Encode a column with integer in pyspark

Question

I have to encode the column in a big DataFrame in pyspark(spark 2.0). All the values are almost unique(about 1000mln values). The best choice could be StringIndexer, but at some reason it always fails and kills my spark session. Can I somehow write a function like that:

id_dict() = dict()
def indexer(x):
    id_dict.setdefault(x, len(id_dict))
    return id_dict[x]

And map it to DataFrame with id_dict saving the items()? Will this dict will be synced on each executor? I need all this for preprocessing tuples ('x', 3, 5) for spark.mllib ALS model. Thank you.

Answer 1

StringIndexer keeps all labels in memory, so if values are almost unique, it just won't scale.

You can take unique values, sort and add id, which is expensive, but more robust in this case:

from pyspark.sql.functions import monotonically_increasing_id

df = spark.createDataFrame(["a", "b", "c", "a", "d"], "string").toDF("value")
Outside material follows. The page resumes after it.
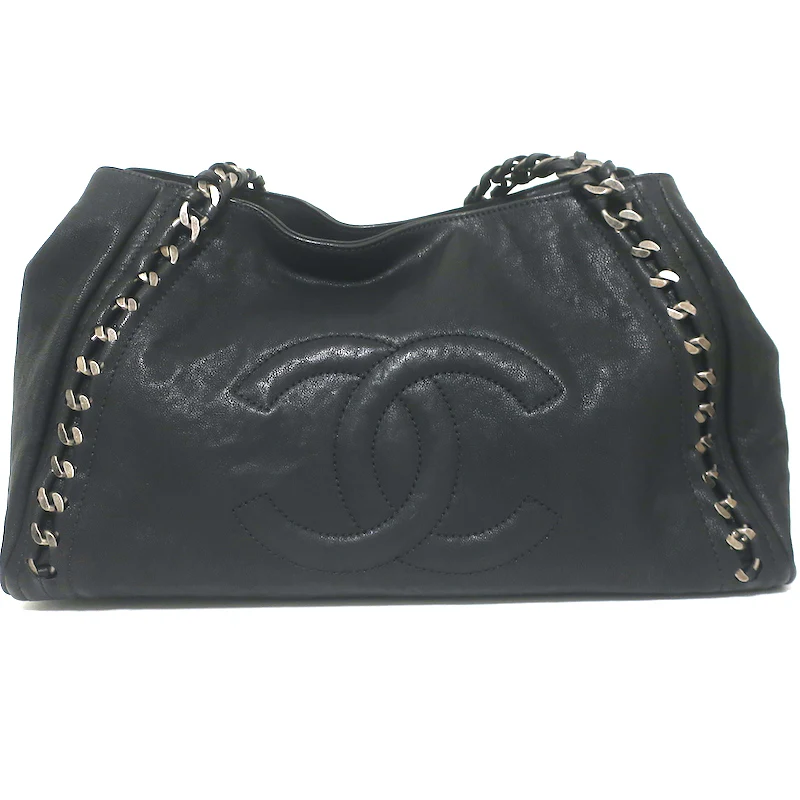 Modern Chain East West Tote Black Leather Large Shoulder Bag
indexer = (df.select("value").distinct()
  .orderBy("value")
  .withColumn("label", monotonically_increasing_id()))

df.join(indexer, ["value"]).show()
# +-----+-----------+
# |value|      label|
# +-----+-----------+
# |    d|25769803776|
# |    c|17179869184|
# |    b| 8589934592|
# |    a|          0|
# |    a|          0|
# +-----+-----------+

Note that labels are not consecutive and can differ from run to run or can change if spark.sql.shuffle.partitions changes. If it is not acceptable you'll have to use RDDs:

from operator import itemgetter

indexer = (df.select("value").distinct()
    .rdd.map(itemgetter(0)).zipWithIndex()
    .toDF(["value", "label"]))

df.join(indexer, ["value"]).show()
# +-----+-----+
# |value|label|
# +-----+-----+
# |    d|    0|
# |    c|    1|
# |    b|    2|
# |    a|    3|
# |    a|    3|
# +-----+-----+